The third reason that increasing appetite for alternatives should be attributed to strategic rather than tactical asset allocation is the fact that alternatives underperformed during this period, with sovereign investors typically citing an average return of 7% for alternatives in 2013, compared with a target of 8%.
“Given alternatives underperformed during the period in which their allocations increased, it is clear that a strategic asset allocation strategy is driving sovereign investors to alternatives, rather than tactical allocation,” says Nick Tolchard, co-chair of Invesco’s global sovereign group and head of Invesco Middle East. “The expected net increase in new funding this year is another key factor that explains this preference for alternatives, driven by increasing country surpluses and strong support from governments for their sovereign funds.”
The report also notes there will be growth in new capital flow to emerging markets. Like alternatives, this trend appears to be largely driven by strategic allocation targets.
Feedback from sovereign investors indicates they are underweight in emerging markets relative to their strategic asset allocation targets, giving them more room to increase new exposure to the regions. This long-term structural trend to emerging markets does not appear to have been influenced by the fact that emerging market equities underperformed developed market equities during 2013.

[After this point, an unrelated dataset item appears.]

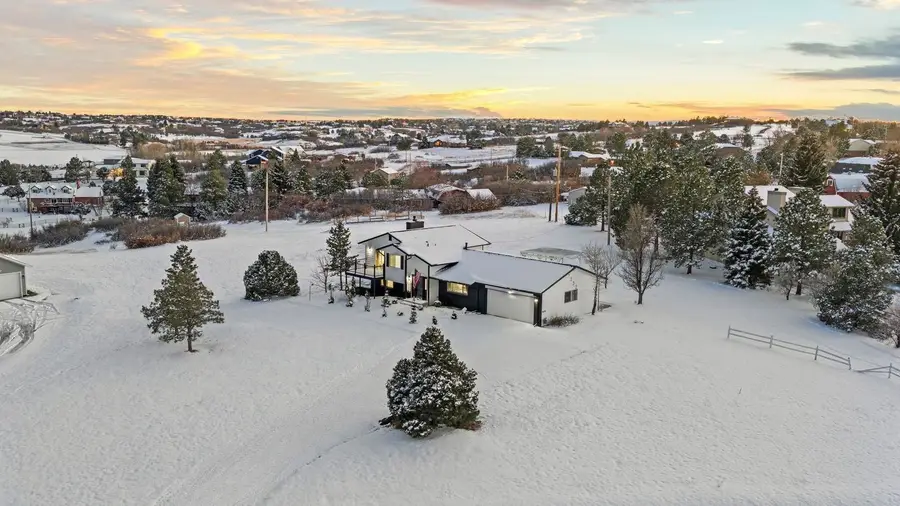 9232 N Surrey Dr, Castle Rock, CO 80108 - #2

There are some exceptions where tactical asset allocation strategies are at play, such as Central Eastern Europe and Russia. These are the only emerging markets to which weightings declined on a net respondent view basis in 2013 and to which respondents expect exposure to remain flat going forward into 2014, primarily due to political instability.
However, while the major trend in geographic allocation is a strategic shift to emerging markets, with allocations set to increase from current levels, this takes place within the context of a strong historical preference for developed markets, relative to the total portfolio.
“Despite allocations to emerging markets set to increase, a strong underlying preference for developed markets is still apparent, with sovereigns attracted by their depth, stability and diversification benefits, the latter of particular importance to sovereign investors based in emerging or frontier markets,” Tolchard adds. “Various factors determine sovereign geographic allocations—most notably political stability, openness of a country to sovereign investment, strength of shareholder rights, level of private ownership and government relationships.”
The report is based on interviews conducted with 52 different sovereign investors worldwide.